Pour moi, il s’agit d’une comédie d’aventure policière qui ne se prend pas au sérieux. Ça court partout, c’est rythmé. Cela m’a rappelé L’Homme de Rio de Philippe de Broca... Le côté féministe de l’aventure située dans les années 60 m’a également beaucoup plu.
Ne trouvez-vous pas que la sensualité de votre personnage a été un peu gommée pour le cinéma?
Non. Si Natacha est sexy dans mes albums, c’est que je l’ai dessiné ainsi sans le faire exprès. On aime toujours dessiner les femmes qu’on aime regarder. Natacha est une héroïne indépendante, débrouillarde qui ne se laisse pas faire par les hommes. Elle a un caractère très volontaire et possède l’émancipation chevillée au corps depuis ses débuts en BD. Elle a tout de suite cherché à voler de ses propres ailes, sans mauvais jeu de mots. Tout en étant fraîche et sexy. Ce n’est pas encore prohibé à ce que je sache. Comme dirait Jessica Rabbit dans le film Qui veut la peau de Roger Rabbit? :« Vous ne savez pas comme c’est dur d’être une femme qui a mon physique. Je suis juste dessinée comme ça!» Hé bien pour Natacha, c’est la même chose.
Comment est née Natacha dans Spirou ?
Disons que c’est l’une des premières héroïnes de la BD franco-belge moderne. Avec le scénariste Roland Gos, nous avons eu de la chance. Au départ, alors que je travaillais au studio de Peyo sur des séries comme Johan et Pirlouit, Benoît Brisefer, Les Schtroumpfs ou Jackie et Célestin, nous avons voulu raconter les aventures d’un steward policier. Yvan Delporte qui travaillait avec nous a eu l’idée d’en faire un personnage féminin. Il nous a dit : «Je verrais bien une hôtesse de l’air pour cette histoire». J’ai fait quelques croquis de la future Natacha et je lui ai rajouté un petit calot bleu sur sa chevelure choucroute. Je m’étais inspiré de Mireille Darc, France Gall et Dany Carrel. Nous avons remis quelques pages à Spirou, mais ce n’est pas allé plus loin. En 1969, Thierry Martens qui était le rédacteur en chef du magazine a redécouvert ses pages dans un fond de tiroir et m’a demandé la suite de l’aventure. C’est comme ça que c’est parti! Nous avons été très surpris du succès réservé à Natacha. Mais cela nous a en quelque sorte «condamnés» à élaborer d’autres albums, avec la complicité de Maurice Tillieux, Jidéhem et Mittéi...
Pourquoi s’appelle-t-elle Natacha?
Parce que Natacha c’est beau!

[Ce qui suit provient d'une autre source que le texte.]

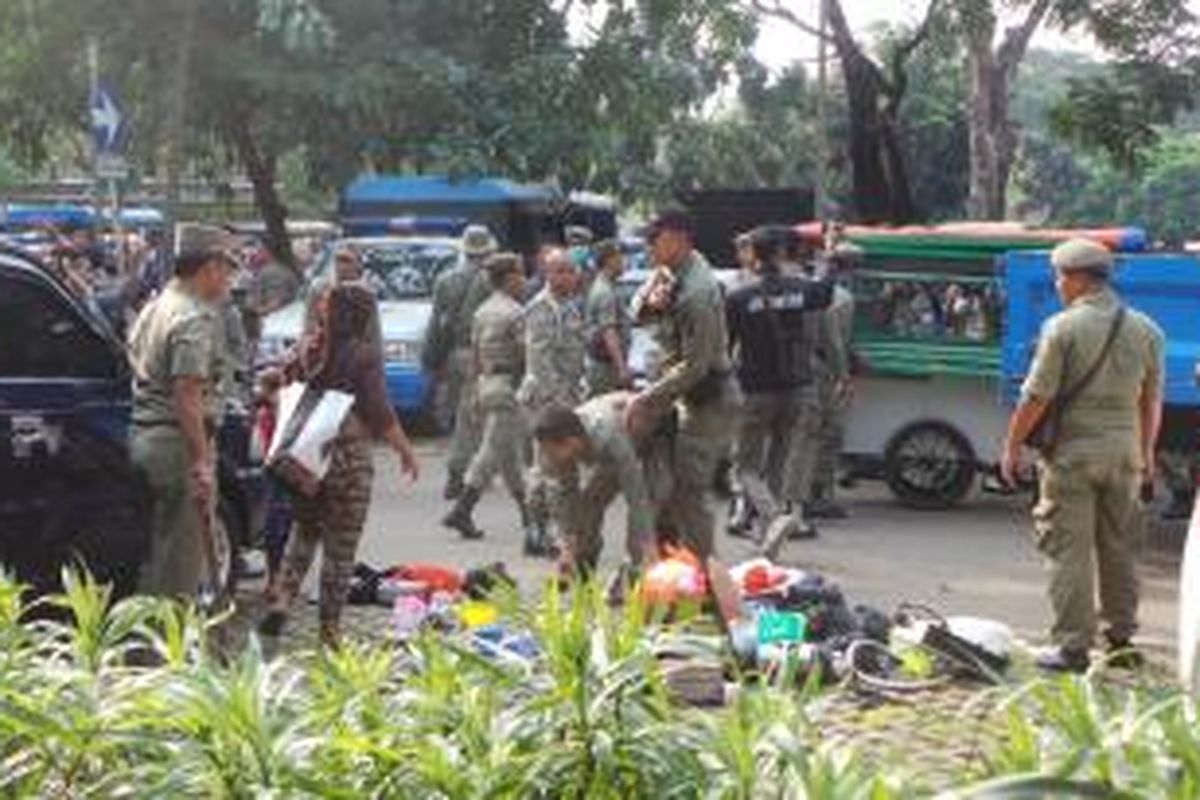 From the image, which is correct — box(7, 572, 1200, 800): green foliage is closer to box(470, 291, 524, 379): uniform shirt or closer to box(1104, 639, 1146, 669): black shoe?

C’est bien rythmé en trois temps, comme Lucky Luke, Rick Hochet ou Buck Danny... C’est un prénom qui se retient. L’épouse de Gos était française. Elle recevait un calendrier annuel et à la date du 26 août, les Français fêtaient la Sainte Natacha alors que les Belges célébraient la Sainte Nathalie...
Croyez-vous que le personnage de Natacha soit devenu un peu «has been» avec les années?
Pas du tout! Non seulement Natacha n’est pas dépassée, mais elle reste très actuelle. La preuve, elle est devenue l’héroïne d’une comédie qui fait rire les jeunes générations. En même temps, en tant que créateur du personnage, je suis assez mauvais juge. Cela fait quelques années que Natacha m’a échappé. Je peux même dire qu’il y a longtemps qu’elle a pris son envol (Rires)!
Natacha – Tome 24 - Chanson d’avril, par Sirius et Walthéry, 56 p., Éditions Dupuis, 12,95€.
Walthéry – Natacha – Une vie en dessins, par François Walthéry , 256 p., Éditions Dupuis, 69€.